Amazon and Google have been offering “Public Cloud” services for a number of years and although MS claim Azure has been around for over 10 years, they have only really been marketing it as a “Public Cloud” for the last year or so. That being said, they are now pushing hard to make Azure the “Public Cloud” of choice. If past experience is anything to go by, once the MS juggernaut gets into gear, very little can stop it. Expect to see a lot more of MS Azure during 2015.
Further hype of cloud
The term “Cloud” has become one of those things that everybody wants, almost without question. The key thing to remember is that there is no single definition of the term “Cloud”. There are very different service offerings available, all called “Cloud”, some of which may be suitable for you, many of which will not be suitable.
Gartner have produced a very sensible report entitled “The Top 10 Cloud Myths”, which, as the name suggests, attempts to debunk the hype that surrounds the term “Cloud”. It advises businesses to “Avoid 'One Size Fits All' Answers to Complex Situations” and that “Cloud Is Not One Thing”. A particular favourite is “Myth 2: You Have to Be Cloud to Be Good”. The point is that, like all technology, Cloud fits some business cases and doesn’t fit others. The skill is being able to identify which option is best for your business.
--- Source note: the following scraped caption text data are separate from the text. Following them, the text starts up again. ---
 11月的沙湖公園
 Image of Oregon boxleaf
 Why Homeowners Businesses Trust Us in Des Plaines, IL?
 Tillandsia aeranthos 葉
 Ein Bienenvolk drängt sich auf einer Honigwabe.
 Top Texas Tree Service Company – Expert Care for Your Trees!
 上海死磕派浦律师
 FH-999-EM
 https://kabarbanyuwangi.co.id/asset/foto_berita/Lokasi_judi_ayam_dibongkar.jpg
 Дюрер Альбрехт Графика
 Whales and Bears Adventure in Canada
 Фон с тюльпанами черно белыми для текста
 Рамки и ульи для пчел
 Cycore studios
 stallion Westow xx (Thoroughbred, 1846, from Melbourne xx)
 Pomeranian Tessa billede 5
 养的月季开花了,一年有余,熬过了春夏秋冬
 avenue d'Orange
That being said, revenue streams are much healthier for suppliers that sell cloud based services, so expect more hyperbole as they try to sell their services regardless of the business case.
Rename of Lync to Skype for Business
One of the more surprising snippets to emerge at the end of 2014 was the announcement that MS are renaming Lync, their Unified Communications platform, to Skype for Business. It is surprising because Skype is definitely in “Consumer Technology” camp. Whilst it has been around for a long time and millions of people use it, it has never been touted as business class technology.
MS Lync is/was a very good product, and it has become more affordable for the “Medium Sized Enterprise”. However, giving it the name of a consumer based free phone call product, doesn’t seem that smart. There was a time when brand perception was everything. With this move, Microsoft are telling us that brand awareness is more important. Time will tell whether they are correct, but I guess they probably are.